Vaccination with quadrivalent (serogroups A, C, W, and Y) meningococcal vaccine is recommended for:
- Travelers going to (or residing in) certain countries where meningococcal disease is constantly or highly present or epidemic-prone at certain times of the year; especially if prolonged close contact with local residents is anticipated.
- Travelers going to any country experiencing a current epidemic or localized outbreak.
- HCWs traveling to any of the above countries at any time of year for health care work or research.
- Expatriates and long-stay child travelers in countries where meningococcal vaccine is given routinely to children and infants.
- University students who will be living in dormitories or residence halls who had not previously received quadrivalent vaccine at 16 years and older.
- Persons aged 11-18 years who have not previously received quadrivalent vaccine
Vaccination with quadrivalent meningococcal vaccine is required for:
- All persons 2 years and older who are traveling to Saudi Arabia for the pilgrimage to Mecca (Hajj or Umra). Vaccination must have been received not more than 3 to 5 years (depending on vaccine) and not less than 10 days before arrival in Saudi Arabia.
Vaccination with meningococcal B (MenB) vaccine is recommended for expatriates and long-stay child travelers in a few countries (outside the U.S.) where high risk exists for serogroup B; MenB vaccine is routinely given to infants/children in these countries. Vaccination is recommended for persons or HCWs going to areas with a serogroup B disease outbreak.

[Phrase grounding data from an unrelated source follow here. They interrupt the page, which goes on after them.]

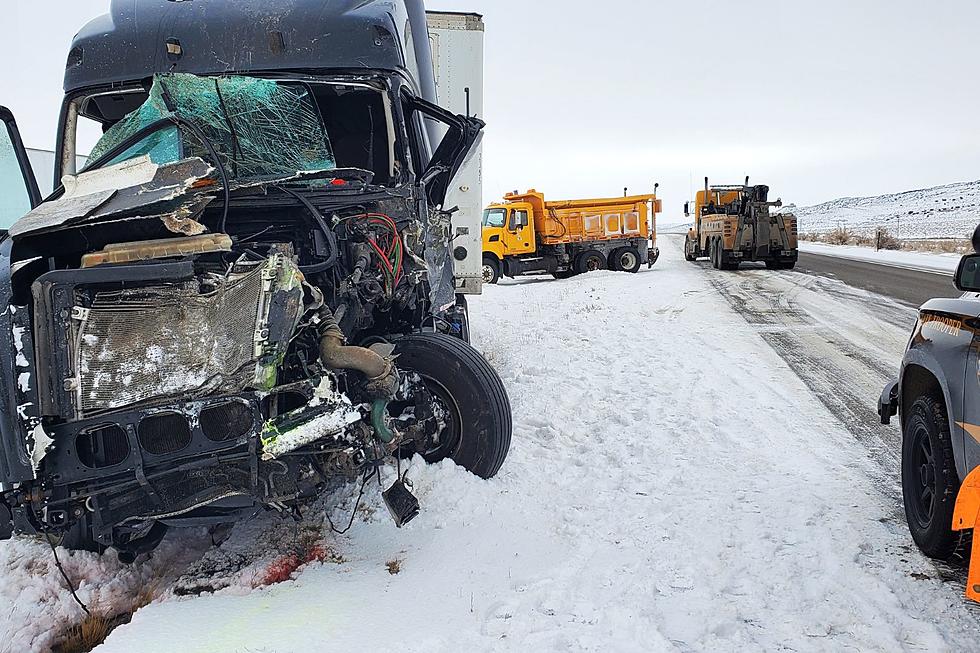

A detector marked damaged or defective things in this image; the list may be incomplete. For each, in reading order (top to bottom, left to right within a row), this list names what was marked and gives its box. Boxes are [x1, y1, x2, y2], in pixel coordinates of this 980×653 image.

shattered windshield [87, 74, 336, 181]
wrecked semi truck [0, 1, 512, 560]
wrecked semi truck [480, 187, 664, 282]
crushed truck cab [480, 187, 664, 282]
wrecked semi truck [680, 177, 796, 268]
damaged radiator [34, 255, 304, 418]
broken grille [72, 264, 266, 412]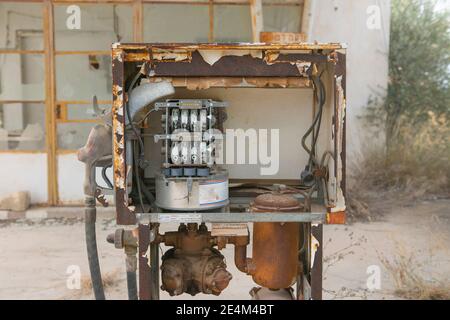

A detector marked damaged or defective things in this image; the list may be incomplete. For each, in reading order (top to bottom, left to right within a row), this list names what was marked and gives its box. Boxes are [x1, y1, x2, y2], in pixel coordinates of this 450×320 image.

rusted fuel pump [79, 41, 350, 298]
corroded metal casing [250, 194, 302, 288]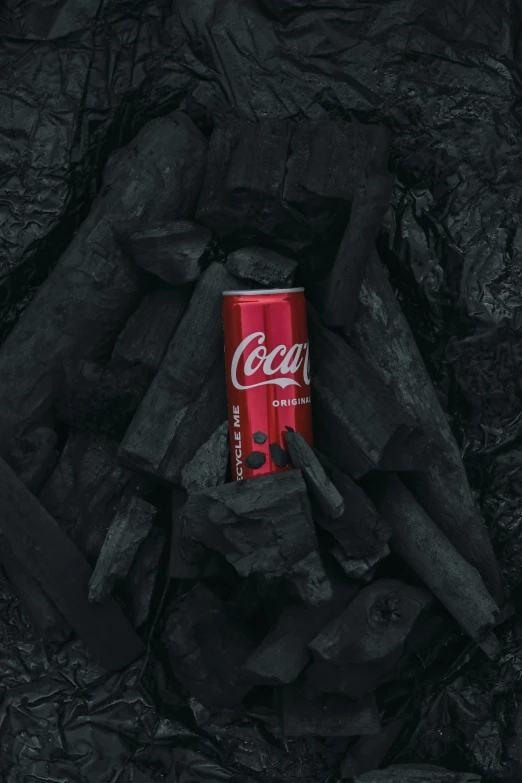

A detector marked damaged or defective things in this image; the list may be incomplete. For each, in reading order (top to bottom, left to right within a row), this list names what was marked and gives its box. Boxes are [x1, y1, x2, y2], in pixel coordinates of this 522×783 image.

charred wood stick [0, 112, 206, 454]
charred wood stick [111, 288, 191, 374]
charred wood stick [118, 264, 238, 484]
charred wood stick [322, 164, 392, 332]
charred wood stick [306, 304, 428, 478]
charred wood stick [348, 250, 502, 600]
charred wood stick [0, 456, 142, 672]
charred wood stick [88, 494, 156, 604]
charred wood stick [181, 472, 332, 608]
charred wood stick [306, 580, 428, 664]
charred wood stick [376, 474, 498, 660]
charred wood stick [280, 688, 378, 740]
charred wood stick [354, 764, 480, 783]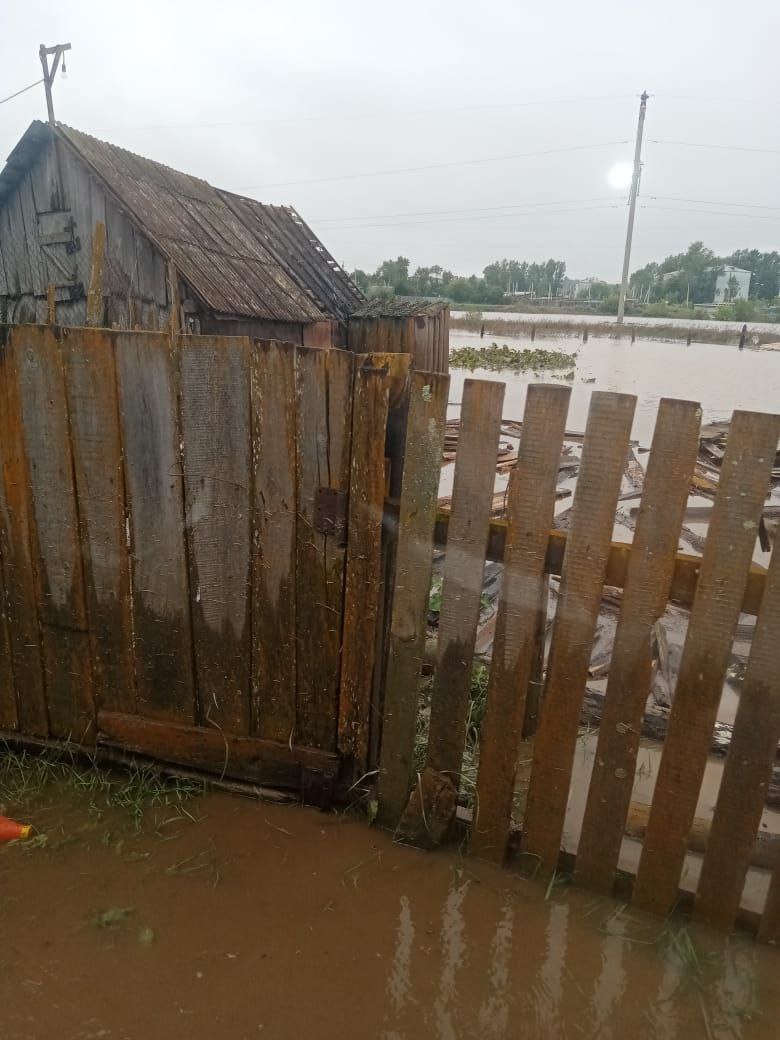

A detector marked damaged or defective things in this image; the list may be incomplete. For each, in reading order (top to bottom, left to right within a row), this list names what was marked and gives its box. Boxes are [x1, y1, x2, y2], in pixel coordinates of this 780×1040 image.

rusty metal roof sheet [0, 120, 366, 320]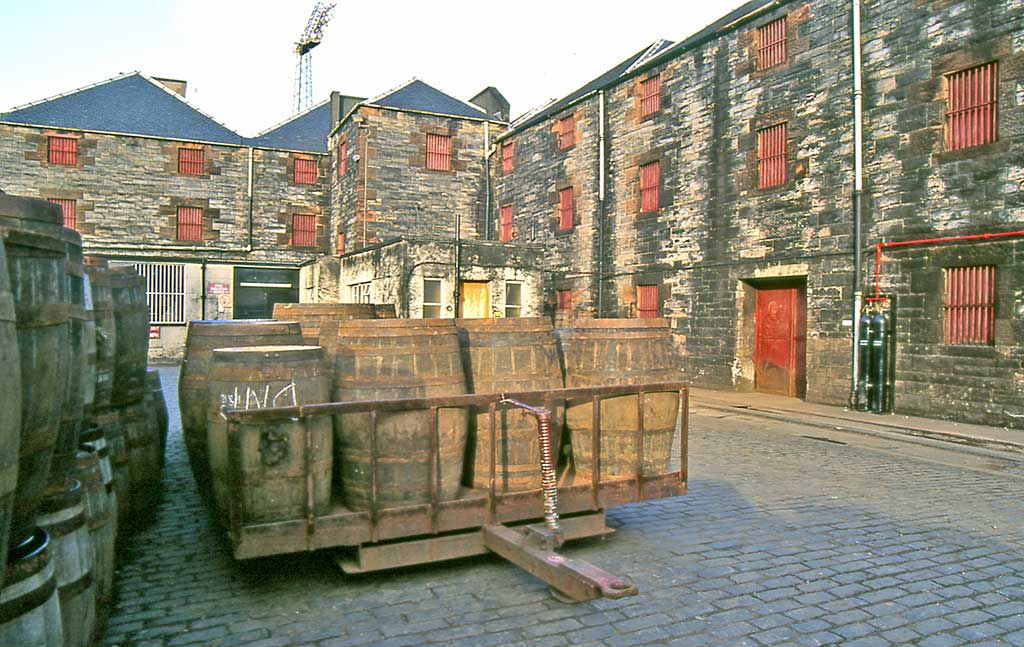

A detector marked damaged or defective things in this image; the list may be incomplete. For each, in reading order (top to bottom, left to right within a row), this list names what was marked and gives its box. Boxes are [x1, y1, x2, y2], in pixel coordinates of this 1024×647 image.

Vaccination with meningococcal C vaccine (MenC; not available in the U.S.) is recommended for expatriates and long-stay child travelers in countries where this vaccine is given routinely to infants/children.
The most common side effects of meningococcal vaccines are mild and can include injection-site reactions, headache, fatigue, muscle aches, weakness, and fever. Persons receiving quadrivalent vaccine may experience a painful swelling of the arm.
Persons with underlying medical conditions or who have concerns about the vaccines should speak to their health care provider before vaccine administration.
Quadrivalent vaccines (Menveo or Menactra) are given as follows:
- Routine, regardless of travel for:
- Adolescents aged 11-12 years: 1 dose followed by a booster at age 16 years
- Military recruits (regardless of any previous doses); persons at risk from a meningococcal disease outbreak due to serotypes A, C, W, or Y; and laboratory workers exposed to samples containing meningitis-causing bacteria: 1 dose followed by a booster every 5 years if risk remains
- First-year college students (aged 21 years or younger) living in residence halls: 1 booster dose (within 5 years of enrollment) if the most recent dose was given when younger than 16 years
- Travelers or other at-risk groups:
- Children aged 2-23 months: 2 to 3 doses (depending on age and vaccine brand), given 8 to 12 weeks apart. For imminent departures, doses may be given 4 weeks apart
- Healthy persons 2 years and older: 1 dose
- Boost 5 years after a previous dose if at new or continued exposure; for travelers going to Africa, consider a booster dose 3 years after a previous dose (due to waning immunity)
MenB vaccines (Bexsero or Trumenba) for at-risk persons 10 years and older are given as follows:
- Bexsero: 2 doses, given 1 month apart
- Trumenba: 2 doses, given at 0 and 6 months or 3 doses at 0, 1-2, and 6 months
- No booster dose is indicated.
MenC vaccine: Will be given following local guidance in destination country if indicated.